Let me be clear- Feminism- the equality of the sexes, and women’s rights is a hot topic of today. And turns out, it was even a few thousands of years ago. Turns out, Jesus was a feminist. He spoke directly to women and treated them equally in a culture where that was certainly not the norm. What I do not agree with – is the handful of loud voices in our culture advocating that women  are not only equal, but better.  This kind of thinking destroys respect between the two and sets us on that slippery slope as a culture that we’ve been sliding down for decades. And if you haven’t truly seen real men represented biblically in their God-ordained role, it’s easy to become embittered and cynical as I once was: 

 

Well, as the Genesis story unfolds God pronounced the curse on Adam and Eve for sinning against Him. To Eve, He states in Genesis 3:16: 

And you will desire to control your husband,
    but he will rule over you.

 

And haven’t you seen it? Certainly on the dance floor for beginners, or even when I park cars at at the church, I see women in the drivers seat  unable to let the dude lead his wife, his family. (Don’t get me wrong, there are times I drive my husband in our swagwagon. I’m talking about having serious control issues, ladies.) 

 

 

Maybe this is why I’ve always loved boys. (Don’t get me wrong, there’s something about little girls that’s absolutely magical and I’m nuts about  my daughter.) But as I think about how blessed I am to have boys that I can “backlead” until they are confident on their own.  Women have a powerful influence in a boy’s life.
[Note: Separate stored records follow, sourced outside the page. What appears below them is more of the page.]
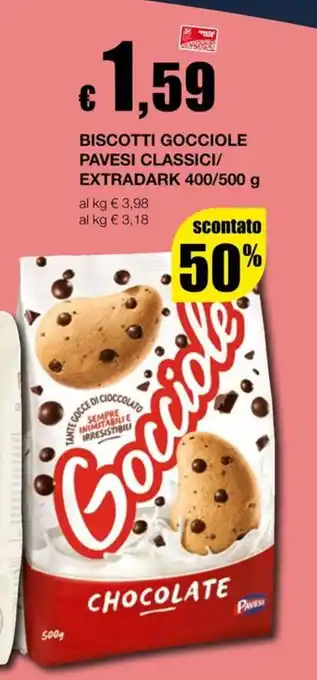 Biscotti Gocci ole Pavesi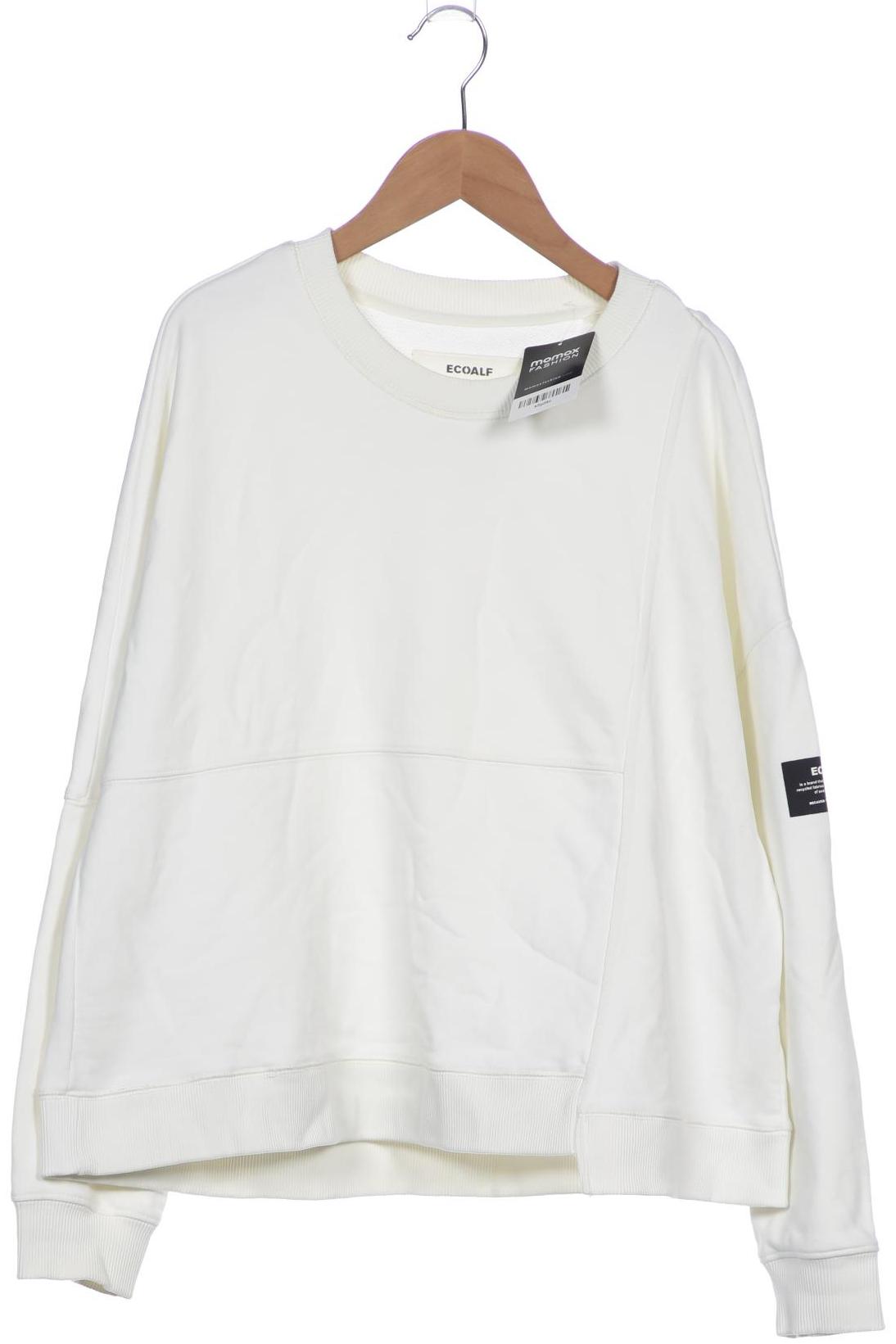 

Ecoalf Damen Sweatshirt, weiß, Gr. 38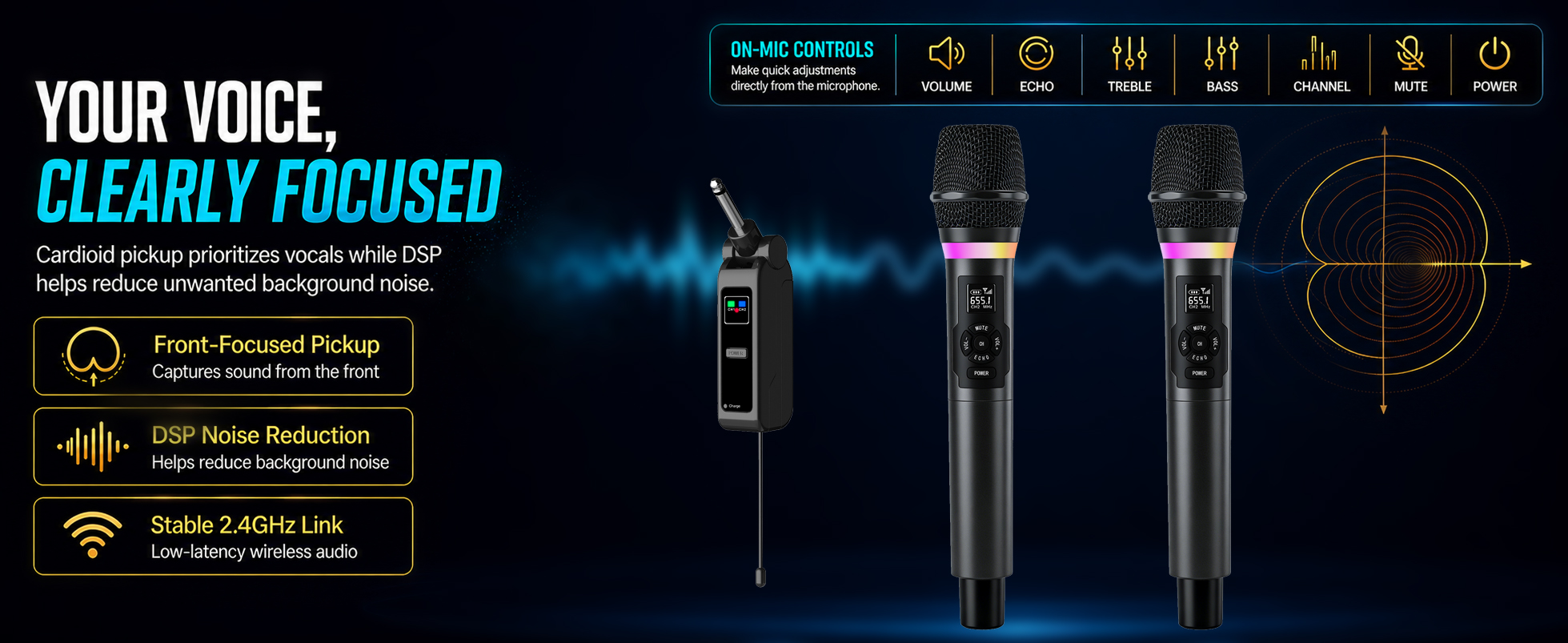 handhold microphone
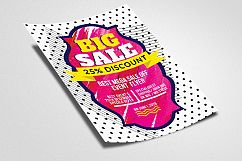Big Sale Offer Flyer Template Product Image 2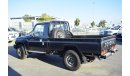 تويوتا لاند كروزر بيك آب 79 SINGLE CAB PICKUP V8 4.5L DIESEL MANUAL TRANSMISSION WITH DIFF.LOCK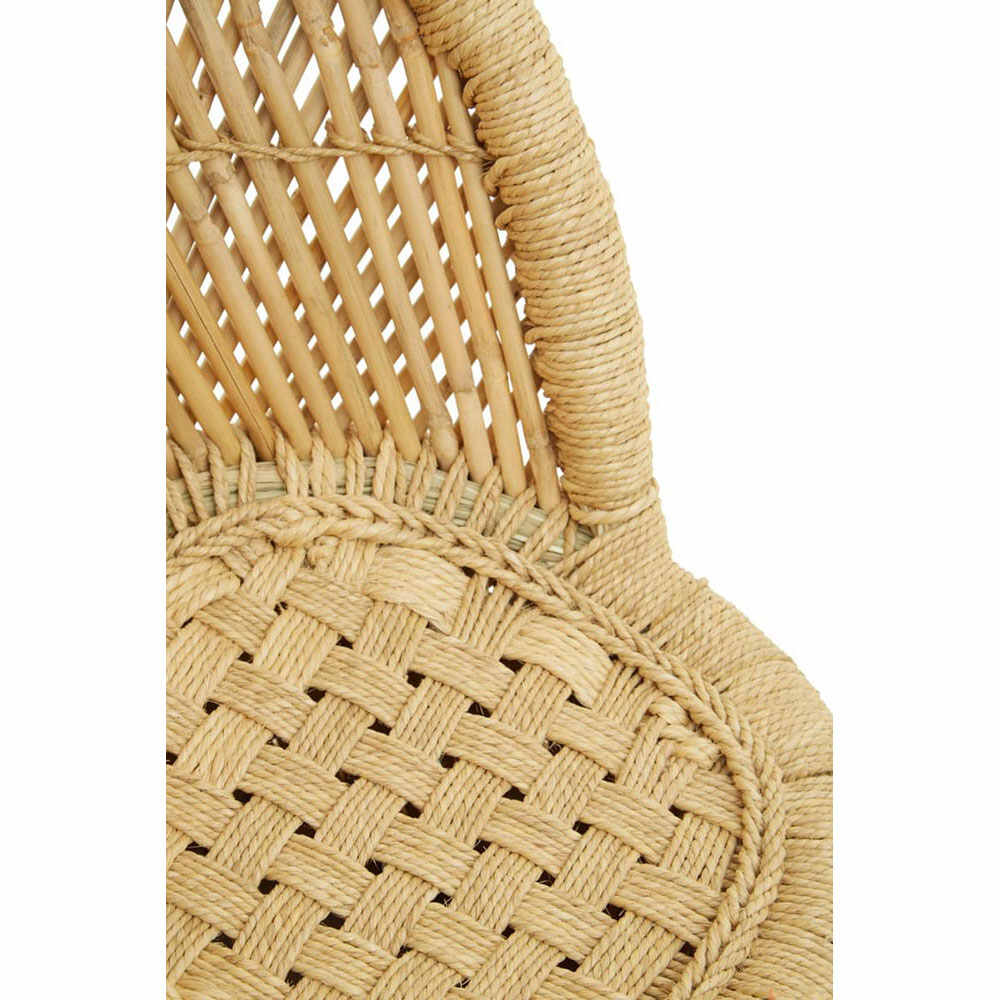 Rattan Chair Stool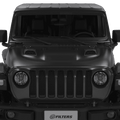 Air Hood Scoops For Jeep Wrangler Rubicon / Gladiator (Scoops ONLY)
As well as men.  We can choose to use our “feminine wiles” to seduce and manipulate or be critical to control.  Shall we with patience and  kindness, show them what we need on the dance floor? 

 

 


 

There is no room for that weird kind of feminism on a REAL dance floor. No one is better than another, everyone has their role and if fulfilled can be remarkably stunning. What do your feet say about you?